I know what it’s like to contemplate suicide because my problems seemed so insurmountable. I felt completely alone in the world, just me and demons, and the only thing I desired was for the pain to stop. I’ve felt all this on the inside and yet had to walk through life presenting myself as if nothing was wrong.
I used to hate when people would ask me, “How are you?” Even though I knew the question was just a rhetorical greeting, it bothered me that I had to put on a fake smile and lie, answering “Good, how are you?” when I really wanted to reply, “Well, things are so dark and horrible right now that I was just contemplating killing myself.”

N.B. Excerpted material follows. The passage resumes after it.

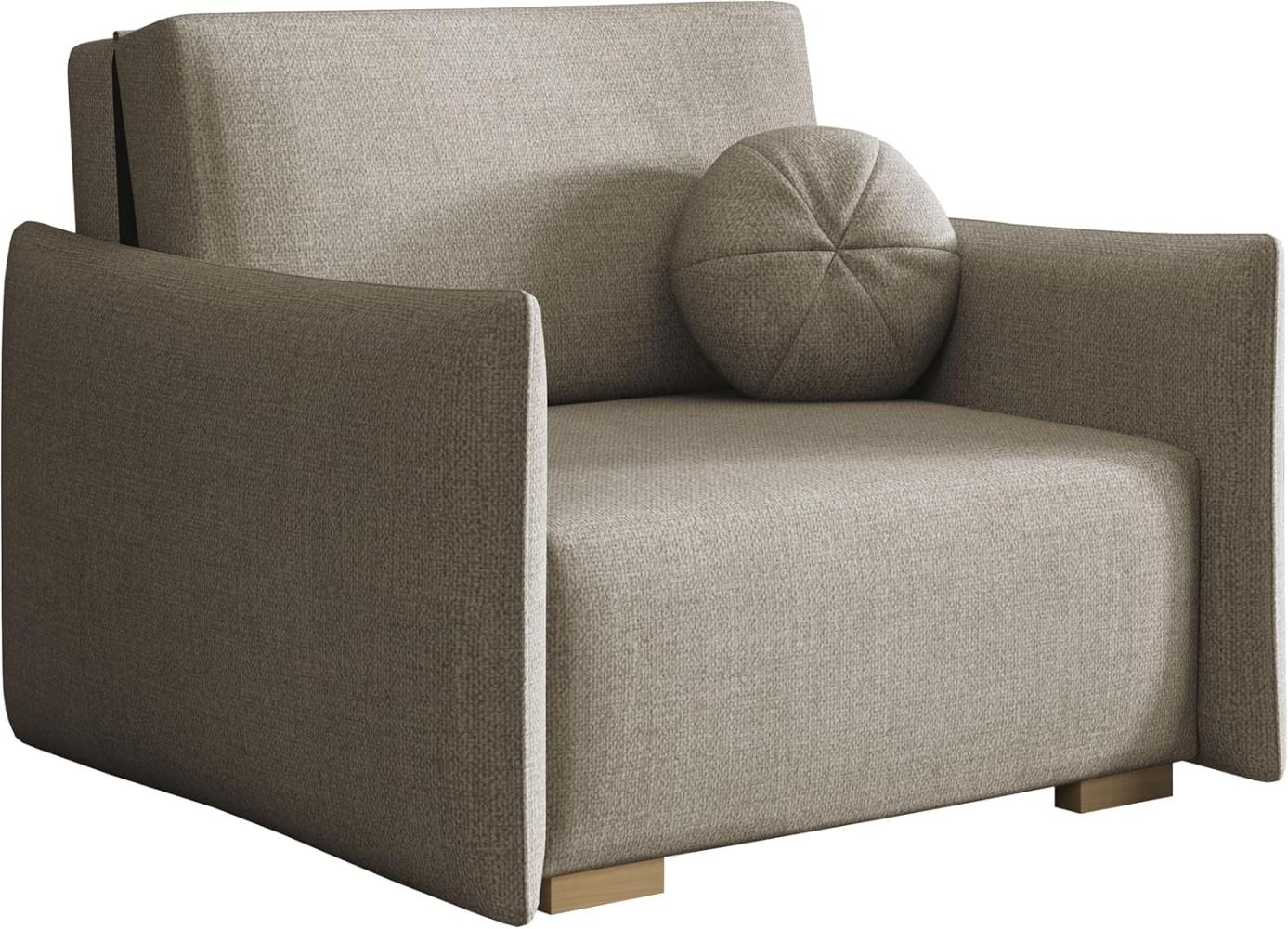 Sofa Viva Glov I mit Schlaffunktion, einsitzer Schlafsofa mit Bettkasten (Farbe: Soul 03) Bild 1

Adversity Makes You Stronger
I’m not sharing these things looking for sympathy or pity. I loathe pity, and there are many out there that have had much more difficult lives than I have. I only share these experiences so that others going through tough times can see that anything is possible if you’re willing to work hard enough and persevere when things are at their worst.
I can say with total honesty that I feel fortunate to have experienced all the negative things that I have. Adversity makes us stronger.
Every time you overcome something difficult it makes the next challenge that much easier. My biggest fear with my own children is that their lives are too easy and that they’ll have a very hard time coping with difficult things in life when they inevitably arise.
I could’ve easily used any of my experiences as excuses for not achieving anything, as so many often do. Instead, I chose to learn from what I went through and make myself a better, stronger person. I chose to use what I observed to make better choices and build the kind of life I really wanted.
And even in my darkest times, when it seemed like there were no answers to my problems, I made the choice to never take the path of least resistance. You can do the same.
So choose to not to be a product of your environment, but rather a product of your desires. While I can’t promise you that it will be easy (it most certainly won’t), I can promise you that it’ll be worth it.